Speed. Combine $dw/dz$ over the common denominator $z(z-a)(z+a)$: $\frac{dw}{dz} = \frac{mz(z+a)+mz(z-a)-2m(z^2-a^2)}{z(z^2-a^2)} = \frac{2mz^2-2mz^2+2ma^2}{z(z-a)(z+a)} = \frac{2ma^2}{z(z-a)(z+a)}.$ The middle terms cancel exactly (why the numerator is constant). Taking moduli with $r_3=|z|$, $r_1=|z-a|$, $r_2=|z+a|$: $\boxed{\;q = \frac{2ma^2}{r_1 r_2 r_3}.\;}$

2020 Paper 2, 2020-P2-Q8c (15 marks)

Two sources of strength $m/2$ at $(\pm a,0)$. Show at any point on circle $x^2+y^2=a^2$, velocity is parallel to the $y$-axis and inversely proportional to $y$.

Velocity field. Source $S = m/2$ at $(a,0)$ and $(-a,0)$; superpose the Cartesian velocity fields. The $x$-component: $u = S\!\left[\frac{x-a}{(x-a)^2+y^2}+\frac{x+a}{(x+a)^2+y^2}\right].$

On the circle $x^2+y^2=a^2$, the denominators simplify: $(x\mp a)^2+y^2 = 2a(a\mp x)$. Then: $u = S\!\left[\frac{-(a-x)}{2a(a-x)}+\frac{a+x}{2a(a+x)}\right] = S\!\left[-\frac1{2a}+\frac1{2a}\right] = 0.$

Velocity parallel to $y$-axis. ✓

$y$-component: $v = S\!\left[\frac{y}{2a(a-x)}+\frac{y}{2a(a+x)}\right] = \frac{Sy}{2a}\cdot\frac{2a}{a^2-x^2} = \frac{Sy}{a^2-x^2}.$

On the circle $a^2-x^2=y^2$: $\boxed{\;v = \frac{S}{y} = \frac{m}{2y}.\quad v\propto\frac1y.\ \blacksquare\;}$

2021 Paper 2, 2021-P2-Q5e (10 marks)

$w = \log(z-a^2/z)$. What sources/sinks? Sketch streamlines; show two streamlines are $r=a$ and $y$-axis.

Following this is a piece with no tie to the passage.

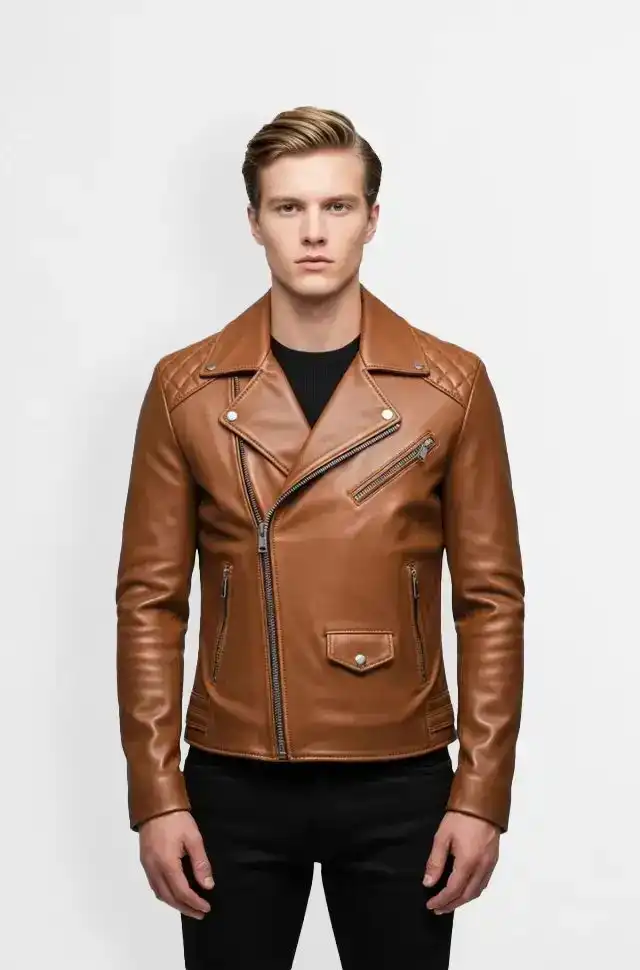 Tan Maverick Quilted Biker Jacket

Identify singularities. Factor: $z - a^2/z = (z^2-a^2)/z = (z-a)(z+a)/z$. $w = \log(z-a) + \log(z+a) - \log z.$ Two sources at $z = \pm a$; one sink at $z = 0$.

Stream function. $\psi = \arg(z-a) + \arg(z+a) - \arg z = \theta_1 + \theta_2 - \theta$.

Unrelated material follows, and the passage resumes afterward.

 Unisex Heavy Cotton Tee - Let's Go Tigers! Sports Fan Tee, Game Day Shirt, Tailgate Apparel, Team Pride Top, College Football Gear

$y$-axis ($z=iy$, $y>0$). By symmetry $\theta_1 + \theta_2 = \pi$ (angles from $\pm a$ to a point above add to a straight angle), and $\theta = \pi/2$. So $\psi = \pi - \pi/2 = \pi/2$: constant $\Rightarrow$ $y$-axis is a streamline.

Circle $r=a$. At $z=ai$: $\theta_1 = \arg(-a+ai) = 3\pi/4$, $\theta_2 = \arg(a+ai) = \pi/4$, $\theta = \pi/2$. So $\psi = 3\pi/4 + \pi/4 - \pi/2 = \pi/2$: same constant. Check another point ($z = ae^{i\pi/4}$) and the value remains $\pi/2$ — the circle $r=a$ is the same streamline $\psi=\pi/2$.

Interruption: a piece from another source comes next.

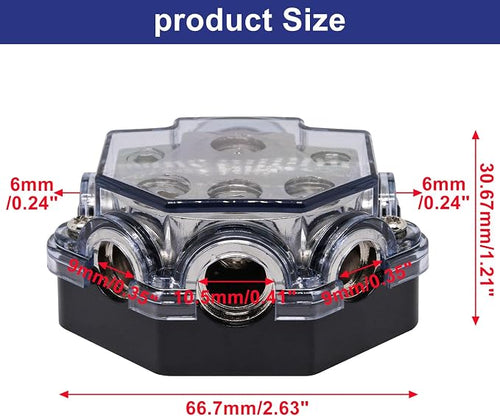 2pc Power Distribution Block Car Audio 1 in 5 Ways Out Car Audio Distributions - Image 2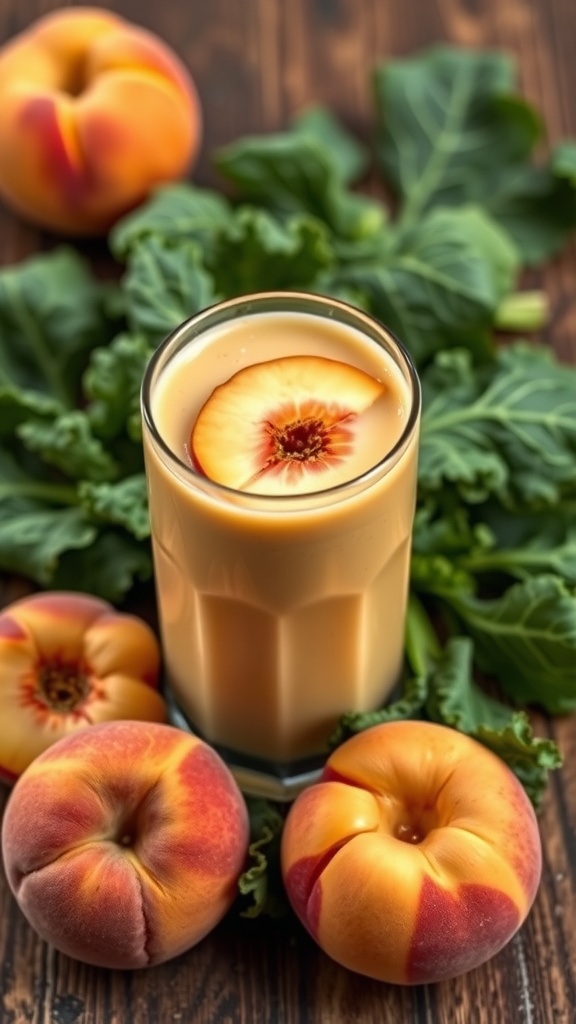 A glass of peach and kale smoothie surrounded by fresh peaches and kale leaves.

The two branches meet at the stagnation points ($dw/dz = 0$): $z^2 + a^2 = 0 \Rightarrow z = \pm ia$.

$\boxed{\;\text{Sources at }(\pm a,0)\text{ and sink at origin; special streamlines = circle }r=a\text{ and }y\text{-axis.}\;}$

2023 Paper 2, 2023-P2-Q5e (10 marks)

Source $2m$ at $z=2$, sinks $m$ at $z=2\pm i$. Find the streamlines.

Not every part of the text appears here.